The CONSORT diagram for the overall study is presented in Fig. 1. Between the 8th October 2018 and the 17th August 2020, 204 consecutive adult women of childbearing age with a history of gastrointestinal intolerance to oral iron were screened in Cork, Ireland. Of these, almost two in three had low iron stores or iron deficiency (ferritin < 30 µg/L, n = 128, 62.7%). A total of 33 (16.2%) had anaemia (haemoglobin < 12 g/dL). Moderate to severe iron deficiency (ferritin cut-off 12 µg/L) affected 65 (31.9%) women and 24 of these also had anaemia.
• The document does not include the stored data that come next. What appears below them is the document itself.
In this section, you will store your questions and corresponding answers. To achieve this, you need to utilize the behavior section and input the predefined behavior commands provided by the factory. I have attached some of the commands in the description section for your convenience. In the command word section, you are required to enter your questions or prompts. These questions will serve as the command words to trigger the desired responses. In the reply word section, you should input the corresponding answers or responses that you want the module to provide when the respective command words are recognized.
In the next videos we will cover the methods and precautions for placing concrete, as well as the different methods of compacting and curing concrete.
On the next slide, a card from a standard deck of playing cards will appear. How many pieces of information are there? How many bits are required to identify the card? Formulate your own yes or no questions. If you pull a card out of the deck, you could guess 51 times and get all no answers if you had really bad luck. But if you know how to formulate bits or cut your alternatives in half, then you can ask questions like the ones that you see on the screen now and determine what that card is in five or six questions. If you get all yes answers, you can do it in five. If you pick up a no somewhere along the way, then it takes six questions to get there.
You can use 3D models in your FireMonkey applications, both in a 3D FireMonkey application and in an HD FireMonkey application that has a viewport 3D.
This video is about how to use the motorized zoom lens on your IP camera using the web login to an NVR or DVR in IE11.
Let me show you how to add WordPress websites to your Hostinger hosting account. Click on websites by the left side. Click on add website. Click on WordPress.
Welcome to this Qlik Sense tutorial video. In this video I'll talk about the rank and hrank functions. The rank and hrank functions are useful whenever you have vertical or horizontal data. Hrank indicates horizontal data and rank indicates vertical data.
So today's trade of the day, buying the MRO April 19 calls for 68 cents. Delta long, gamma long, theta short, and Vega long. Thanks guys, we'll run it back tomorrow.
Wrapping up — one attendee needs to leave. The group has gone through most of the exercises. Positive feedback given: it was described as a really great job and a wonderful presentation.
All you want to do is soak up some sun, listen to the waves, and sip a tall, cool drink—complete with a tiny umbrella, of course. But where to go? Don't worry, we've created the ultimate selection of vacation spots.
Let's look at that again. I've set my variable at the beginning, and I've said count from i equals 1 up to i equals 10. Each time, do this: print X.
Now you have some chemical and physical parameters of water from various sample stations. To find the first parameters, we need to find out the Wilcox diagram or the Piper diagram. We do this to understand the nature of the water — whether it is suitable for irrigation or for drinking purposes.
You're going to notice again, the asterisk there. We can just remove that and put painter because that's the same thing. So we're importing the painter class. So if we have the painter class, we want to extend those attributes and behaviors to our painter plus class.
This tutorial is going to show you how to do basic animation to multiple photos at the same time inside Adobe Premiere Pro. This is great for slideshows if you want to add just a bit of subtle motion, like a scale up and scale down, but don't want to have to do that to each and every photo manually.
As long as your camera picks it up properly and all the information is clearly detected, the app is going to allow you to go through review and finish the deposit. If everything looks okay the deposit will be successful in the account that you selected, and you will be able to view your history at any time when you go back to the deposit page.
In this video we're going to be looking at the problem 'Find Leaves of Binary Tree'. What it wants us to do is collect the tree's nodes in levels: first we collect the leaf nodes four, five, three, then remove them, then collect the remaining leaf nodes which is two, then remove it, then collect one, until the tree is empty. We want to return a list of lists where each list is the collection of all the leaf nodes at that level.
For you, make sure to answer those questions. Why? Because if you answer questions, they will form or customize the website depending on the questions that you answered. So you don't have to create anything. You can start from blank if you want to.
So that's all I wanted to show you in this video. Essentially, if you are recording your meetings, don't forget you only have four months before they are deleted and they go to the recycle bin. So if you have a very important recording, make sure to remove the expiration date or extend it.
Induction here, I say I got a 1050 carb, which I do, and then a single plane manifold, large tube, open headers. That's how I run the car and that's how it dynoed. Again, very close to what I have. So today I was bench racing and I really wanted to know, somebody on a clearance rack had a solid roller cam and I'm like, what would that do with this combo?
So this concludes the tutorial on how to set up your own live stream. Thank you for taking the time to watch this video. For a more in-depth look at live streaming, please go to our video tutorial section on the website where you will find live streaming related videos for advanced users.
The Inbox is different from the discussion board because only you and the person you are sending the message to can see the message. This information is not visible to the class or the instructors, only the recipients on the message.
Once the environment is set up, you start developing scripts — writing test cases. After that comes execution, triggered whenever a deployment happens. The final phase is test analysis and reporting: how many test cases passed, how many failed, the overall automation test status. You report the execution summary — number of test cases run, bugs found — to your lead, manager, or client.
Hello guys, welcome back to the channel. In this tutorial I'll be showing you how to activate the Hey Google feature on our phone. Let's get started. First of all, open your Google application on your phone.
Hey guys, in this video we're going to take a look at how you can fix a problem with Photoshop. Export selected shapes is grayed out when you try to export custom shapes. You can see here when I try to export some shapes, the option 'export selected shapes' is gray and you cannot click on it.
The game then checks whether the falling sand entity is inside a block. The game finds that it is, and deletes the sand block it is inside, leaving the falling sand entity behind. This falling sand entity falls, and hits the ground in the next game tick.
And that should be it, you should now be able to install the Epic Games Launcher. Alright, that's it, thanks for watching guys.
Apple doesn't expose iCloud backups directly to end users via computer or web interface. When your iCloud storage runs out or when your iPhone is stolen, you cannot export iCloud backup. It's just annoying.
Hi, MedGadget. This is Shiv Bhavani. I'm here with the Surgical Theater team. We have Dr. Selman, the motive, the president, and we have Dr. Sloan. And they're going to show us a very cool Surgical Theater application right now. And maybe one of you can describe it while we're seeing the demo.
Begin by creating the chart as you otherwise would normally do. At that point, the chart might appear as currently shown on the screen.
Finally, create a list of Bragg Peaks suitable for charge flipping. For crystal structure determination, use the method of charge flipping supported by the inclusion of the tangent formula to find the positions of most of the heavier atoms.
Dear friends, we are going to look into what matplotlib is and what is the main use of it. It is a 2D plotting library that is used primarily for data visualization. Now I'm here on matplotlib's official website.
Details of the screened population according to ferritin levels ≥ or < 30 µg/L are presented in Table 1. Complete blood counts were available in 123 (60.3%) of the screened population and this subgroup showed similar levels of low iron stores (n = 82, 66.7%), associated with abnormal red blood cell indices (haemoglobin, haematocrit, mean corpuscular haemoglobin, mean corpuscular haemoglobin concentration and higher red blood cell distribution width). Only 17 (8.3%) of those with ferritin < 30 µg/L self-reported a history of iron deficiency and 26 (16.9%) reported a history of iron deficiency and/or anaemia.

Fig. 1
figure 1

CONSORT Flow Diagram for the PRECISION study. A total of 52 women were not included in the prospective treatment study because they had iron deficiency without anaemia and the stratified quota of 30 women had already been reached. A further 8 were excluded because of severe anaemia and 9 did not want to participate in the prospective study for personal reasons. Participants in the prospective study were also more likely to have a history of iron deficiency and anaemia than the original screened cohort.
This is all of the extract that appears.